Tuesday, July 26, 2016

Healing in Telling

I just read an article/survey list on what does the adoptees "hate" about being adopted and of course, I can relate to almost in the list.

Instead of listing things on what I hate about being adopted, I just thought of listing facts (Part 1) and some lies about me. So here, read on..

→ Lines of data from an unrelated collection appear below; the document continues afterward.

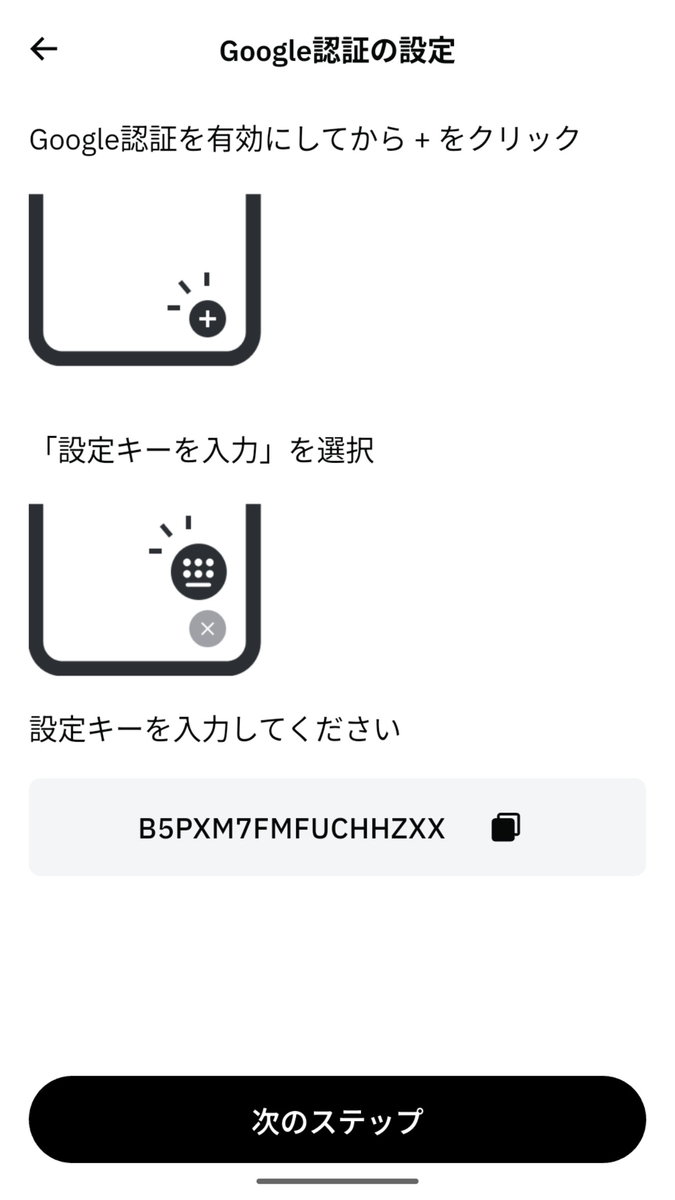 保存版】BitradeXのGoogle Authenticator設定手順｜失敗しないための完全ガイド - BitradeX初心者ガイド【検証ブログ】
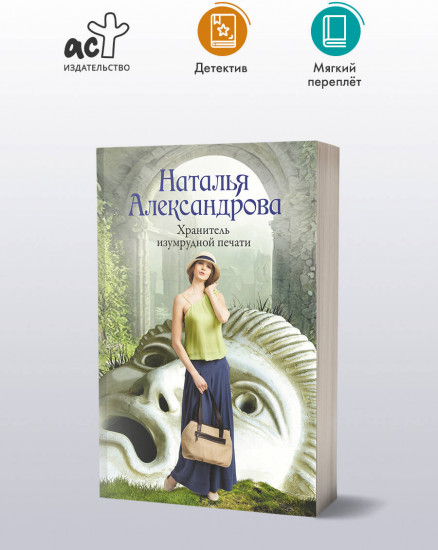 Хранитель изумрудной печати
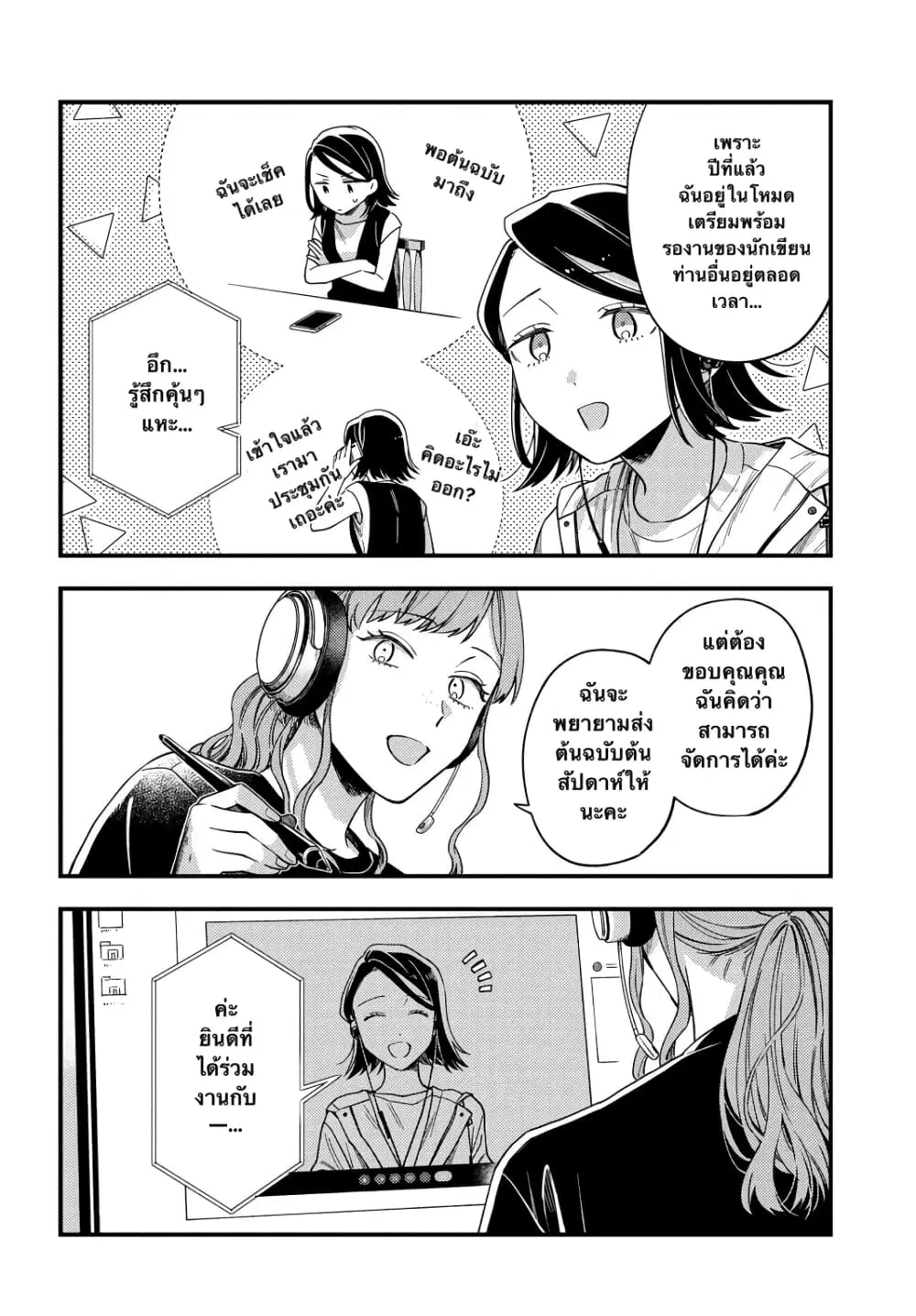 Maitsuki Niwa Tsuki Ooya Tsuki ตอนที่ 5 หน้า 2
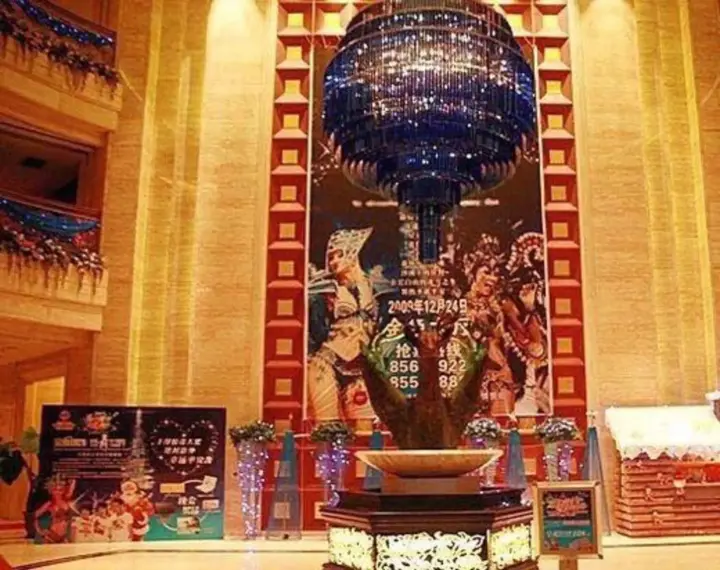 Чанчунь: HNA Grand Hotel Changbaishan Changchun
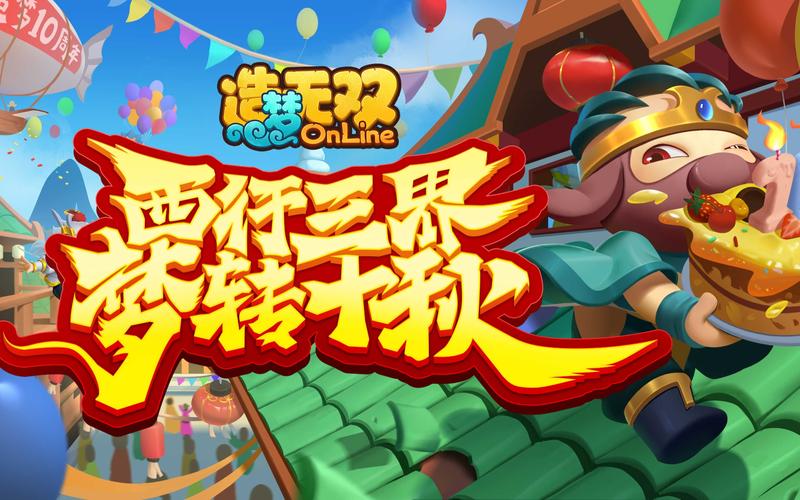 造梦无双gg修改器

  1. I have adoption letter. It was actually a deal letter, stating that I was given to my foster father in free will and she received "financial assistance" P1, 000 (my worth)
  2. My birth name is Aleli.
  3. My name Abigail (in Hebrew which means source of joy. Also from the word "Abba" or father) was given by my adoptive mother, a Methodist when I was to be enrolled in Kindergarten, 6 years old? I can still vividly recall, I was in their house practicing to write the name A-B-I-G-A-I-L
  4. In my kindergarten diploma, my name was spelled "Abegail"
  5. I grew up with names Jerelyn, Len and Nene. Not Abigail.
  6. I was 5 months old when I was handed to my foster father
  7. I was handed to him December, counting 5months backward, I was born July not December. No "birthdate". Tsk sayang.
  8. I was born 1979 based from my adoption letter and not 1978 as per my birth certificate.
  9. I have a fabricated birth certificate so I can be enrolled to Grade 1. My cousins birth certificate were tampered. Replaced the name and the birthdate
  10. I was already 28 when I got my copy of my fabricated late registered Birth Certificate
  11. Registered 1985 and I will be in school 1986
  12. I was born out of Wedlock. Of sin. My birth father didn't want to recognized me as his child.
  13. I was born in Calzada, Taguig (I took it literally, I thought "street", just found out there's really such a place in Taguig) not in Gubat, Sorsogon. I am not a Bicolana, I can only understand their conversation
  14. My birth mother is from Brgy. Liberty Mayonga, Leyte. If she went back to Leyte after giving me away, she might be dead by now by typhoon Yolanda.
  15. I was given (again, double jeopardy) by my foster father to his mother, whom I called as I grow up "Mama". He said if Mama will not accept me, he will give me away to anyone. thank God! Not on the 3rd time.
  16. From my foster fathers place in Paranaque, Mama and Tita were in Fraternal, Quiapo when I was given to them and we lived, bounced and back to my tita's and titos but never to my foster parents place. I grew up to several places in Metro Manila. Project 8 Quezon City, Nangka Marikina, Mc Arthur Hway Caloocan, Paranaque, then finally Taguig (see the round about? I'm back to my birthplace!)
  17. I never mastered my birth order. I am always counting up to this time!
  18. No idea AT ALL of my foster mother's family background. Just found her middle name from my fabricated late registered birth certificate. I was already 28 then remember?
  19. I never ever lived with my foster mother, father and 8 siblings
  20. No idea of my foster parents birthdays, age and wedding anniversary. Even my sibling birthdays. No idea at all.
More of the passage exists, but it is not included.